Yacine, jeune berger à l'éducation pourtant exemplaire, est brusquement arraché à sa famille pour être mené auprès de Gaïd Brahim. Ce caïd règne en maître sur un vaste territoire où tout lui appartient de la terre aux hommes en passant par le bétail. Pour chaque homme, chaque femme, chaque enfant de la région il y a Dieu, et juste en dessous il y a Gaïd Brahim. Se faire emmener de la sorte n'est jamais une bonne nouvelle. Le caïd, omniscient, a des yeux et des oreilles partout. Pourtant, Yacine est un bon garçon, docile, respectueux, sans une once de rébellion en lui, il n'a jamais questionné les fils invisibles qui régissent son existence. Il a le cœur intact et la naïveté de ceux à qui l'on n'a jamais menti pour arriver à ses fins.
Il ne le sait pas encore, mais il s'apprête à vivre un bouleversement qui va l'éloigner de tout ce qu'il a toujours connu. Le monde devient plus vaste, riche de dangers mais aussi de possibilités.
Difficile de s'y retrouver pour celui qui n'a jamais eu le luxe d'élaborer ses propres rêves. Alors, il se fait le greffon des projets des autres. Son échine endosse le poids de fruits amers qui n'ont jamais été vraiment les siens et en voit de plus doux tomber de l'arbre où y mûrir.

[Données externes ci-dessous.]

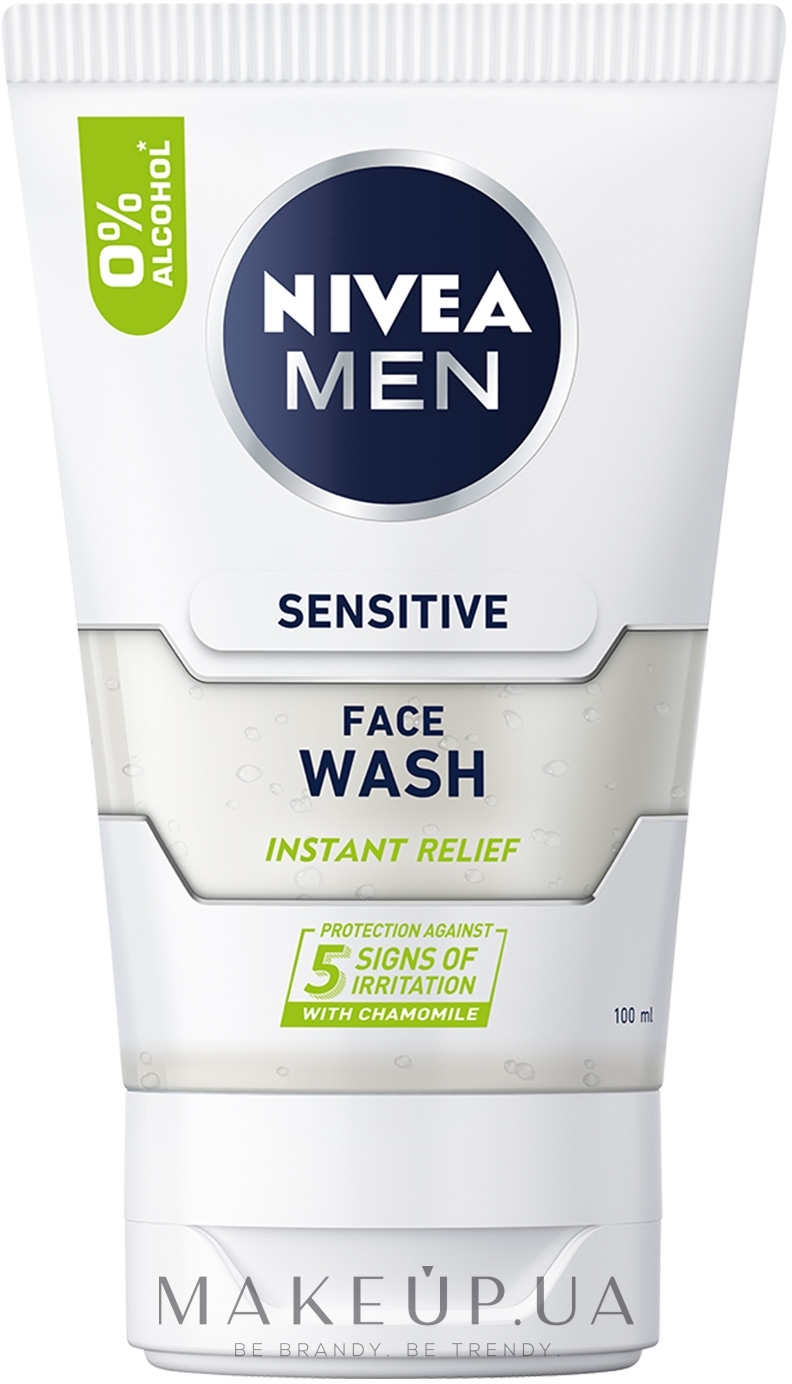 Гель для умывания для чувствительной кожи мужчин "Мгновенное облегчение" - NIVEA MEN — фото 100ml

Yasmina Khadra m'a paru avoir un brin épuré sa plume sans se départir de sa finesse. On le voit, dans ce roman, dessiner les contours de la membrane poreuse distinguant l'humilité de la soumission. Dans ce mince interstice on se questionne. À quel endroit la poursuite de la vertu devient-elle une offense faite au miracle de posséder une vie propre? Comment distinguer son propre chemin lorsque l'horizon semble flou et le terrain d'une obscurité boueuse ? Face à l'éphémère de l'existence, qu'importe peut-être. Chacun fait de son mieux.